By Jeewan Ambat, political columnist
In the middle of what seem to be radical changes in political powers within the West, there is one country looking to strengthen its economic foothold in the global sphere. America’s most vital trade partner and one of the most influential nations in facilitating global free trade, China appears to be planning to make great strides in becoming a world-class economic power. The man behind this ambitious vision for the country is Xi Jinping.
Xi currently occupies three positions as the General Secretary of the Communist Party of China, President of the People’s Republic of China and Chairman of the Central Military Commission. He has consolidated swaths of government power under his belt. Combining that with his domination of political discourse through the Communist Party, many have argued that China has seen a rise in authoritarianism under Xi’s leadership.
However, it is difficult to deny that under Xi, China is readying to take the economic trading and reputational strength that global players such as the United States currently have. This is primarily through Xi’s embrace of globalization and free trade.
In the current times of the U.S., to a sizable chunk of our population, the words “globalization” and “free trade” run sour. The first images that pop into many people’s minds are those of U.S. factories closing down, jobs moving overseas and long-time factory workers being stranded and out of work.
While the idea of a global economy sours many, and the rhetoric of President Donald J. Trump suggests a future of economic isolationism for the U.S., Xi Jinping is wholeheartedly embracing free trade. Recently, Xi spoke at the World Economic Forum about the importance of interconnectedness between countries during current times. His speech was received to critical acclaim by world leaders and other attendants.

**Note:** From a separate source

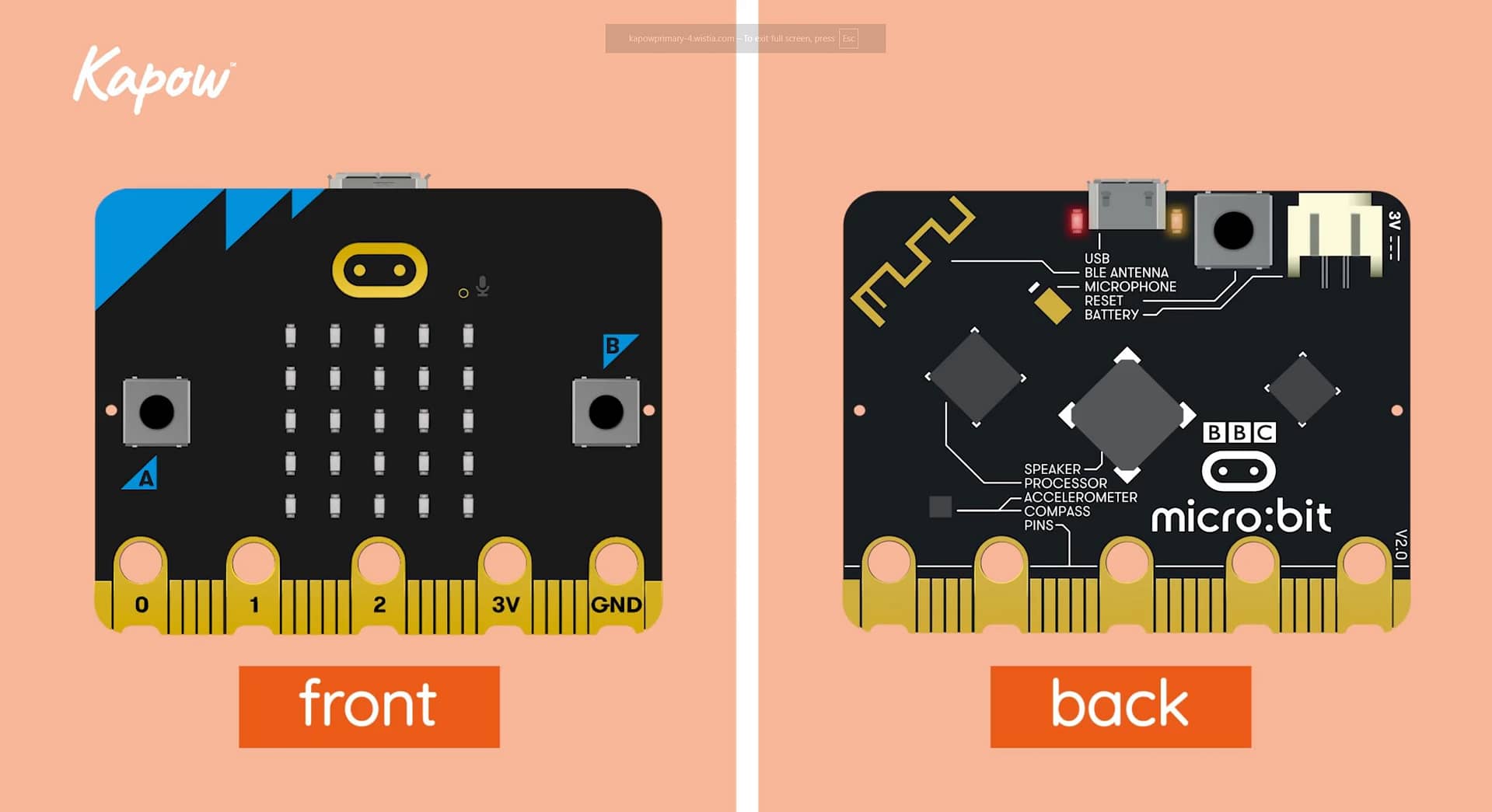 Pupil video: Exploring the BBC micro:bit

Former President Barack Obama worked with several countries on the Trans-Pacific Partnership (TPP), a trade deal that would have given the U.S. a trade advantage against China. However, with the TPP shot down, Xi is pushing forward with his “One Belt, One Road” initiative that would see China having influence in approximately 65 different countries. China would be focusing on the construction of infrastructure, specifically of high-speed rail.
This initiative, should it see fruition, would be groundbreaking. It would make the largest world economy somewhere other than the Western world, and one with an entirely different government structure. Xi would present to the world a country that runs as an authoritarian unitary state and perhaps demonstrate that economic success need not only exist in Western liberal democracies. This would be a tough visual for the Western world, and especially the United States, to digest.
It will be crucial to observe Xi’s actions and words from here on out. With shifts in the world order, Xi’s voice will only serve to be more and more important as China begins its ambitious plans for a global economic foothold. To see China emerge in such a way would no doubt keep the leaders of the West, especially the president of the United States, on their toes.
For all the talk of economic isolationism within the U.S., many in the business spheres, even many in the government, understand the inevitable formation of a global economy. Whether it is led by the West or by Xi in China, globalization is roaring, and walling off the world could prove disastrous in these times.